Challenge Summary

This challenge is to implement two features:

Clean and extract the text from the raw JSON tweets that come from the Twitter Streaming API, and track the number of tweets that contain unicode.

A tweet's text is considered "clean" once all of the escape characters (e.g. \n, ", / ) are replaced and unicode have been removed.

Calculate the average degree of a vertex in a Twitter hashtag graph for the last 60 seconds, and update this each time a new tweet appears.

A Twitter hashtag graph is a graph connecting all the hashtags that have been mentioned together in a single tweet.
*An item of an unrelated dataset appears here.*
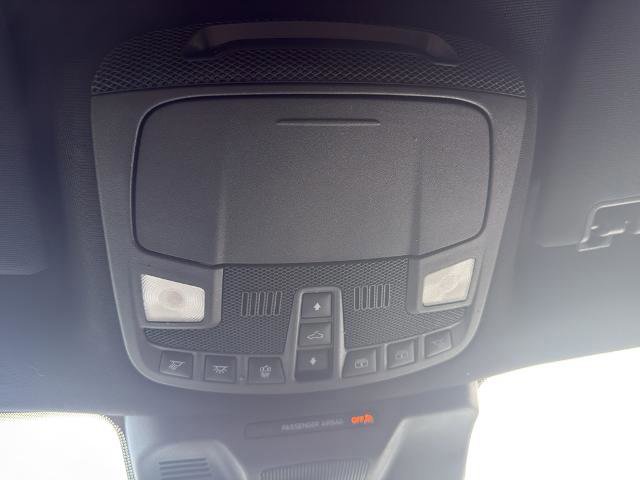 Certified 2022 Ford Expedition Platinum image 29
Running the Codebase Locally

  1. git clone https://github.com/5ak3t/coding-challenge.git

  2. Install requirements - pip install -r requirements.txt

  3. Run Tests - python src/tests.py Test Fixtures are located in coding-challenge/src/fixtures

  4. chmod +x coding-challenge/run.sh

  5. ./run.sh

Implementation Details

  1. Common functions are written in coding-challenge/src/utils.py

  2. Parsing of tweets is implemented in coding-challenge/src/tweets_cleaned.py

  3. Calculating average degree is implemented in coding-challenge/src/average_degree.py

  4. Cleaned tweets are written in coding-challenge/src/tweet_output/ft1.txt

  5. Rolling average degree is written in coding-challenge/src/tweet_output/ft2.txt

TODO Improvements For Future Versions

  1. Proper Fixtures for Tests

  2. Improve Test Coverage

  3. Implement Threading

  4. Run the code against live streaming API

  5. The Graph creation and updation can have a better implementation.

  6. Apache Spark can be used to ingest realtime data, GraphX for Grpah processing.